De Dieppe à Marseille, les deux hommes vont passer par toutes les étapes réglementaires du film de route pour deux antagonistes

De Dieppe à Marseille, de l’hostilité radicale à la complicité, les deux hommes vont passer par toutes les étapes réglementaires du film de route pour deux antagonistes (voir, entre autres, New York-Miami (1934), de Frank Capra, ou La Chèvre (1981), de Francis Veber). Ce qui importe ici n’est pas le mécanisme, mais ce qu’il met en mouvement. Rachid Djaïdani a réussi – de justesse – à faire échapper Far’Hook et Serge au statut d’emblème de leurs générations respectives.

Tempête magnétique

Il arrive au rappeur de se lancer dans des tirades sur la citoyenneté, et l’étrange façon que la France a de la conférer seulement partiellement à certains des détenteurs de ses passeports. Quant à Serge-Gérard, il brame le sentiment d’abandon de la population ouvrière (avant d’être entrepreneur, il a été syndicaliste, apprendra-t-on) en des termes que ne renierait pas un éditorialiste en mal d’inspiration.

Le cinéma français ne dépense pas tant d’énergie que ça à poser ces questions, et la gaucherie avec laquelle elles sont amenées dans Tour de France n’enlève rien à leur validité. D’autant que duo Sadek-Depardieu génère une espèce de tempête magnétique qui rend épique les épisodes les plus prévisibles – l’interpellation du jeune homme dans une rue de Bayonne, l’inévitable romance (avec une militante alternative) ou les formations accélérées en hip-hop ou peinture portuaire que ses membres s’infligent l’un l’autre.

Le jeune musicien assume crânement la position de la chèvre de Monsieur Seguin face au loup Depardieu

Le jeune musicien assume crânement la position de la chèvre de Monsieur Seguin face au loup Depardieu, rendant coup pour coup jusqu’à la dernière séquence. Mais si ses répliques et ses mimiques font mouche sur les spectateurs, c’est qu’elles ont entre-temps rebondi sur Depardieu, rageur, moqueur, insouciant de toute respectabilité.

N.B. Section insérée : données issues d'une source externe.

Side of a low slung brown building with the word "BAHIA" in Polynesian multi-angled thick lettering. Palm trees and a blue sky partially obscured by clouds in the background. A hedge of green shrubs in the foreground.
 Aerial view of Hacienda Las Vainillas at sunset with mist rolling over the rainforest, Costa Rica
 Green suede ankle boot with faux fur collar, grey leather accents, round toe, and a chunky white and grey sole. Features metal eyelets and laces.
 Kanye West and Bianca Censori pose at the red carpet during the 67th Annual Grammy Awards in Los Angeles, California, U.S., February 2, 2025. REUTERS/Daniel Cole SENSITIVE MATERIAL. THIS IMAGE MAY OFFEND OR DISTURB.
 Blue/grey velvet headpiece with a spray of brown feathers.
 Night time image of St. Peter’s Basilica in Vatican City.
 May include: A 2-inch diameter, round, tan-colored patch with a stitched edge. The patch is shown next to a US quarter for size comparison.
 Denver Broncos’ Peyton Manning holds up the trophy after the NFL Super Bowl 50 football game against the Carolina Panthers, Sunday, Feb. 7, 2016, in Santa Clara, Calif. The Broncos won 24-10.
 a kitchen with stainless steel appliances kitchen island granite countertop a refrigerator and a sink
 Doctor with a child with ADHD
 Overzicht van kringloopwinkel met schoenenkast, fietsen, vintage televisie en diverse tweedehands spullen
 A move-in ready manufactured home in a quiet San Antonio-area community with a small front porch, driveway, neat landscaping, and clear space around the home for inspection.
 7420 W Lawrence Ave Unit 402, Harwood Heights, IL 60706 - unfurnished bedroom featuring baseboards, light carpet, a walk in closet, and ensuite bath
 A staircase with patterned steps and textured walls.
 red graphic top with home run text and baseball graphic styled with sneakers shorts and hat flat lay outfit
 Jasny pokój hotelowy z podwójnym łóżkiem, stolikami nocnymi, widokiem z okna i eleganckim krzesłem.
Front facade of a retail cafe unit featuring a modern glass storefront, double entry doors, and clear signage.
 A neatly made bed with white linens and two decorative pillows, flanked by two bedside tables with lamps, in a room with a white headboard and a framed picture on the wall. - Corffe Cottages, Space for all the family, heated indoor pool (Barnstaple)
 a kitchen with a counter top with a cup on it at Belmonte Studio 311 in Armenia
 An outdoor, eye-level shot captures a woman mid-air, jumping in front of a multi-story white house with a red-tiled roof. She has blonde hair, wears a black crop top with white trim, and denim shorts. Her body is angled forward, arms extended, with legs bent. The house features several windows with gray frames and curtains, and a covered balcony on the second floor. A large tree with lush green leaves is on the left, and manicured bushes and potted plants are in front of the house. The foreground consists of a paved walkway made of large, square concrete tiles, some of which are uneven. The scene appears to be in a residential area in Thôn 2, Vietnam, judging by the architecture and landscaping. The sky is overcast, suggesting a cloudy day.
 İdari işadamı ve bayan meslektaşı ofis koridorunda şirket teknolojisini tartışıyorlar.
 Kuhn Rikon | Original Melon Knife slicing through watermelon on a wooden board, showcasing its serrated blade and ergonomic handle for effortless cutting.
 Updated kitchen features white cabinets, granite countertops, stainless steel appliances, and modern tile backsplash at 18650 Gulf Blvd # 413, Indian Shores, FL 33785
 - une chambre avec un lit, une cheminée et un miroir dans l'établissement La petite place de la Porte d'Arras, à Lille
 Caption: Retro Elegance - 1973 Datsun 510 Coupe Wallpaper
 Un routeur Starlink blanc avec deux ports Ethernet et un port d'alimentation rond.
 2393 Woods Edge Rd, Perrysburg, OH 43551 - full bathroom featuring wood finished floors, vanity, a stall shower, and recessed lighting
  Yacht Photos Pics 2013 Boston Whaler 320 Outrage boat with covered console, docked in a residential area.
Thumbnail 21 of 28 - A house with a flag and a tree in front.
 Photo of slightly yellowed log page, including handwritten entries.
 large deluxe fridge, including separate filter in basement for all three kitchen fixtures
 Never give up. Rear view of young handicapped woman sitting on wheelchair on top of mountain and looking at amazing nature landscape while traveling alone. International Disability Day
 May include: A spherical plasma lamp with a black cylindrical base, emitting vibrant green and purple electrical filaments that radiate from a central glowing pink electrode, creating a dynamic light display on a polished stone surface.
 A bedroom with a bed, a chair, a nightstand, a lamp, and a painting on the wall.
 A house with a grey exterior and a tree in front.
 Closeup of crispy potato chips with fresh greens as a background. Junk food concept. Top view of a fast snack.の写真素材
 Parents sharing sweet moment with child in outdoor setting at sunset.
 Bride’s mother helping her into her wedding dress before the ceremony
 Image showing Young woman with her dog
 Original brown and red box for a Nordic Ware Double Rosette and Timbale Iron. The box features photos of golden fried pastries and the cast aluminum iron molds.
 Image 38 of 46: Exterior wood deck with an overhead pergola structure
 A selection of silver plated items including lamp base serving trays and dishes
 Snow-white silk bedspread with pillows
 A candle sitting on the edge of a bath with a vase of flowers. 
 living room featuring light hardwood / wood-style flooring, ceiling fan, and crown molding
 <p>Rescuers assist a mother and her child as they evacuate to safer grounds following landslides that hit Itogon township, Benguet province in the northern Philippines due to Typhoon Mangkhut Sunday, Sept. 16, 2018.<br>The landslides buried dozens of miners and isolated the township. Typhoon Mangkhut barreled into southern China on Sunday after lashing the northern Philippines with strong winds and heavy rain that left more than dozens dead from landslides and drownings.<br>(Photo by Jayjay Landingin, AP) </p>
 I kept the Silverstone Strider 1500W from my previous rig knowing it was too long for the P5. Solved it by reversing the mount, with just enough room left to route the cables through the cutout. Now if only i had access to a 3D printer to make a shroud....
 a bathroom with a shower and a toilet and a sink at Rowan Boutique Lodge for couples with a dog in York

Plus difficiles à avaler, les facilités de la mise en scène qui emprunte un peu trop souvent le truchement du téléphone portable du jeune homme, et – encore plus – celles du scénario. Le dernier acte du film, qui veut nouer tous les fils en une apothéose finale, met surtout en évidence les faiblesses de ce qui a précédé. Au moins aura-t-on vu Depardieu partir en free style, pour une fois au sens originel de l’expression.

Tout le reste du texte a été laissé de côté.